One fellow asks me to wrestle. We talk Chinese.
Neither of us are good at it. I fold
my wallet in my shirt, seize
his leg. We roll. Everyone is laughing. When
I’m licked, Aliki and I thank everyone again
for good food and we wander to a small
abandoned mosque. It’s a stone eyeball. We climb
inside. Goathorns in the sand, God in the wind through all
the small broken windows. Peace dazes time.

 

  Again, musical but plainspoken. Note how much of a story is contained in just 14 lines. Some more enjambments which pull you along in the rather Joe Friday telling. But this is 1 of those sonnets/poems whose music is not dependent on alliteration/assonance/rime, although this has its share. Rather, the poem has a ‘music of action’- the things described each build upon the last thing. It’s only in the last 3 lines that the poem gets self-consciously ‘poetic. But it works. A mosque as stone eyeball, & the final descriptions make this almost seem a mini-David Lean epic. & what a finisher to end the poem. Of all the ways to imply or show bliss, we get the conquest of time itself.
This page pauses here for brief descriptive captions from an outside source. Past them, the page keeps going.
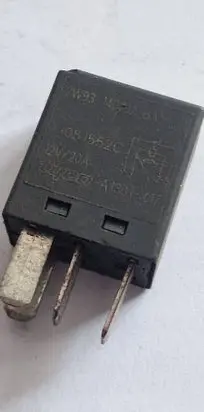 Ford Mondeo Mk III Other relay 2W9314B92BA 051552C A1301X17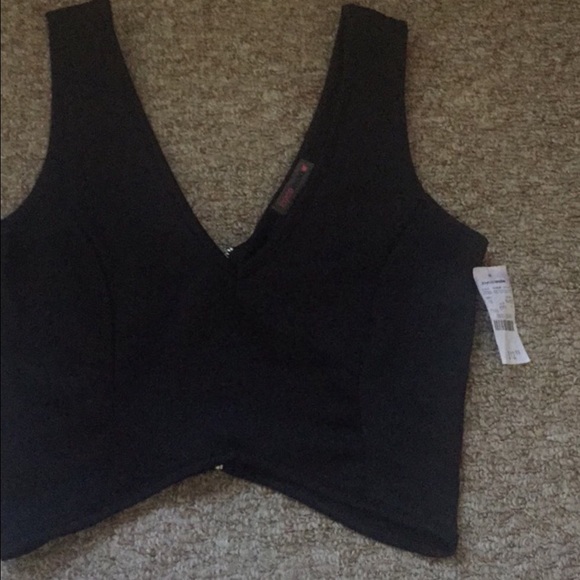 Crop top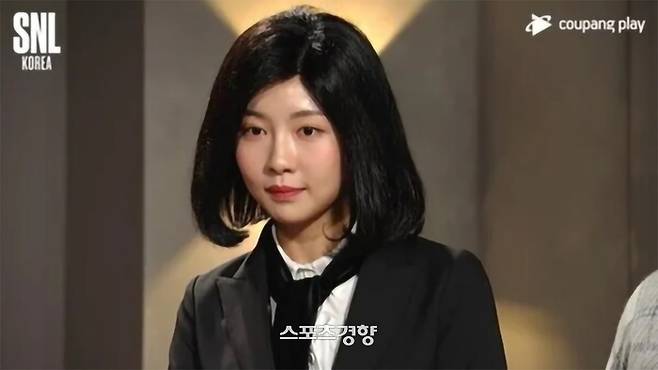 배우 주현영이 ‘SNL 코리아’ 김건희 여사를 풍자하는 모습. 쿠팡플레이 방송화면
  Now, I could go on from here & detail further some other great sonnets & some others that miss, as well as explain why. But, I think these poems & fragments have given a fair representation of WB’s flaws & virtues, with the latter outstripping the former with ease. Yes, some poems are weak, even the sonnets. But, I would say that even where the poems are not his best (even the free verse) WB stands out as 1 of the few worthwhile published poets today (not named John Ashbery) who is foremost an idea poet. What impresses me is that he rarely let’s his ideas get in the way of the poem’s ideas. As example I would use his religious bent, & his refusal to let that seep in to poems where it would intrude. But, most of all, the man’s poetry should be read for his sonnets, because- at least until my own Omnisonnets see print- WB’s TSR sonnets are the best contemporary sonnets to be had. Get them, even if you can only get them through his Selected, because putting up with some mediocre free verse is a small fee for the great sonnetry you’ll find.